[Start of section]

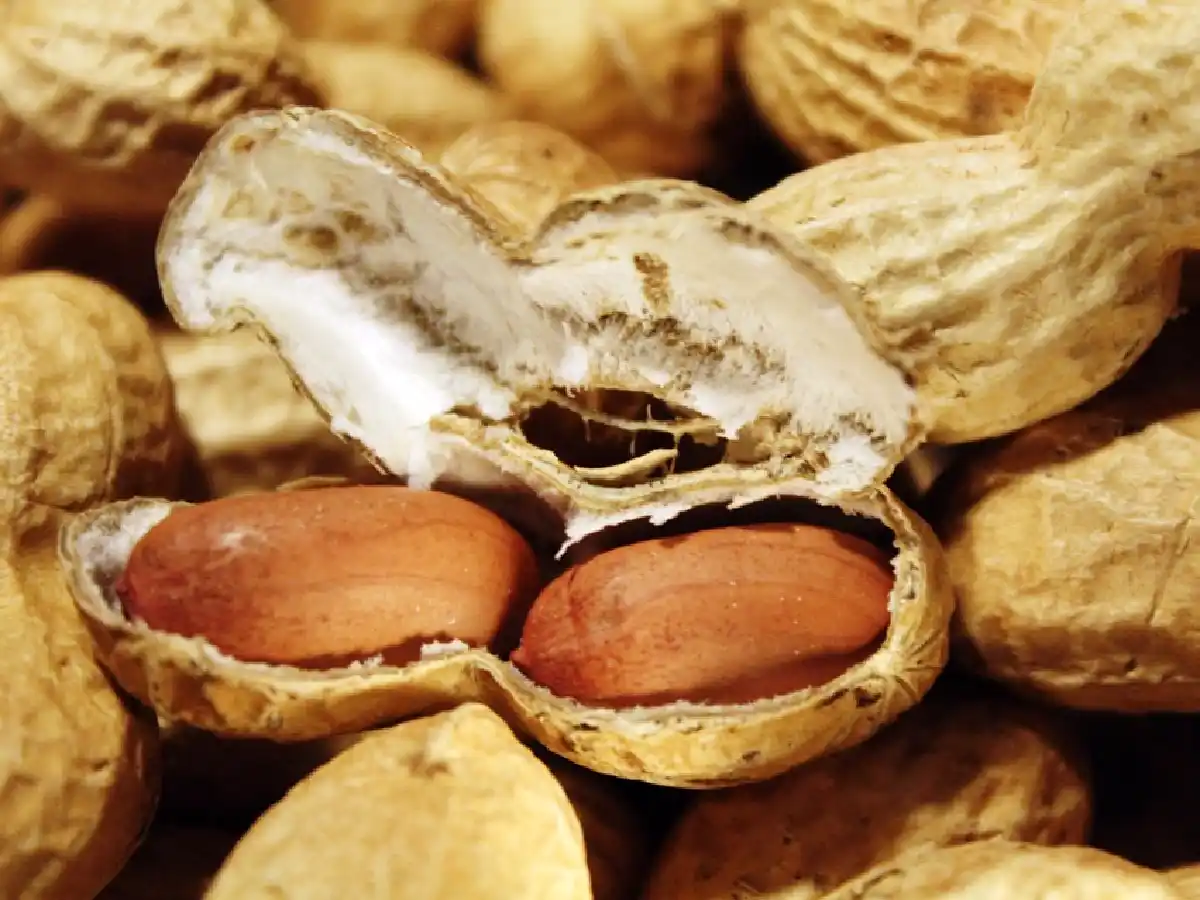 Córdoba produce y exporta más  del 90% del maní argentino         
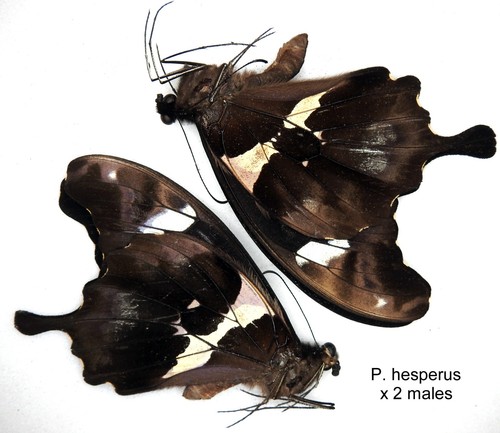 Butterfly papilionidae 2 x - papilionidae,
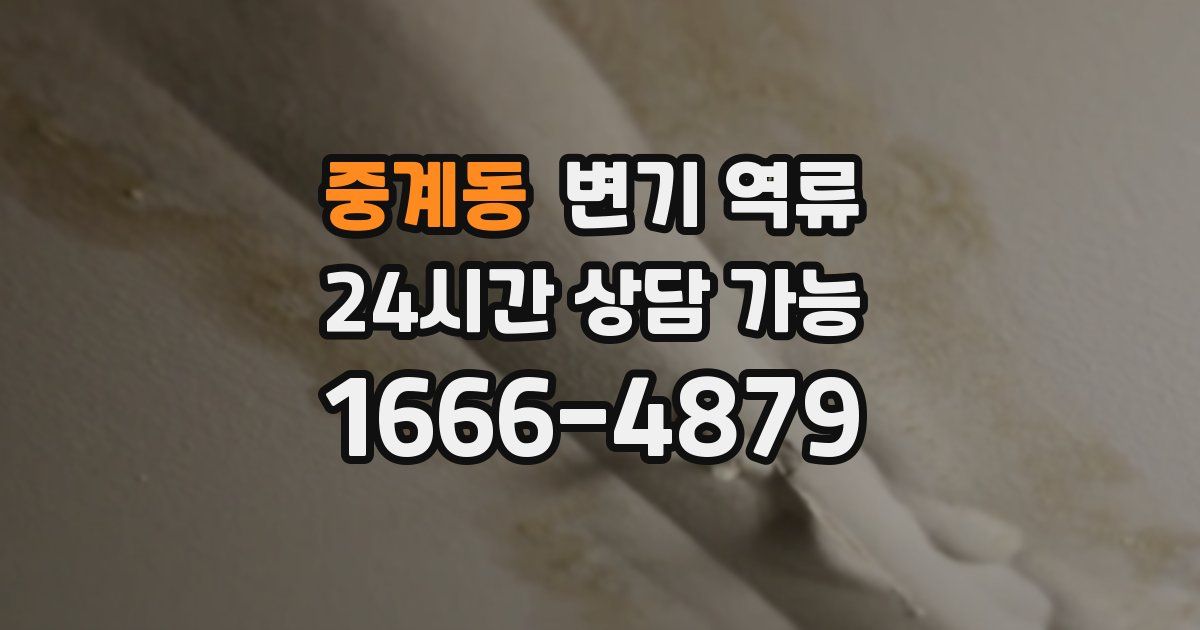 중계동 변기 역류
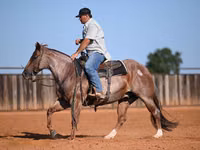 Адуу, Quarter Horse — 3 зураг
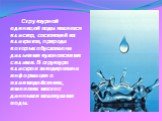 Структурной единицей воды является кластер, состоящий из клатратов, природа которых обусловлена дальними кулоновскими силами. В структуре кластров закодирована информация о взаимодействиях, имевших место с данными молекулами воды.
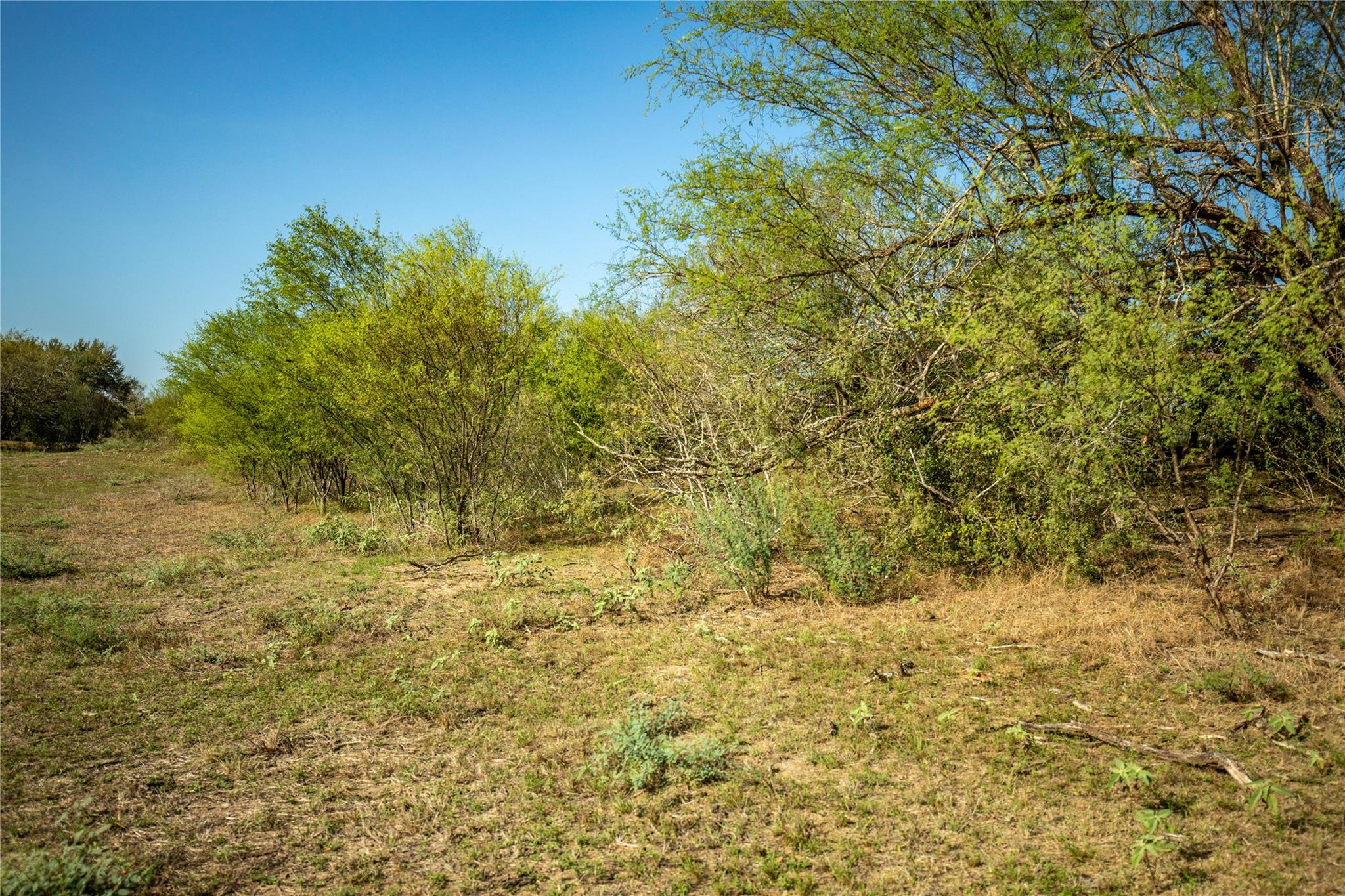 1116 Earl Williams RD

[End of section]

Transcribe exactly, with no pictures, the lines running from the first line of the material through the line holding "Адуу, Quarter Horse — 3 зураг".

## Response for this exercise
 Córdoba produce y exporta más  del 90% del maní argentino         
 Butterfly papilionidae 2 x - papilionidae,
 중계동 변기 역류
 Адуу, Quarter Horse — 3 зураг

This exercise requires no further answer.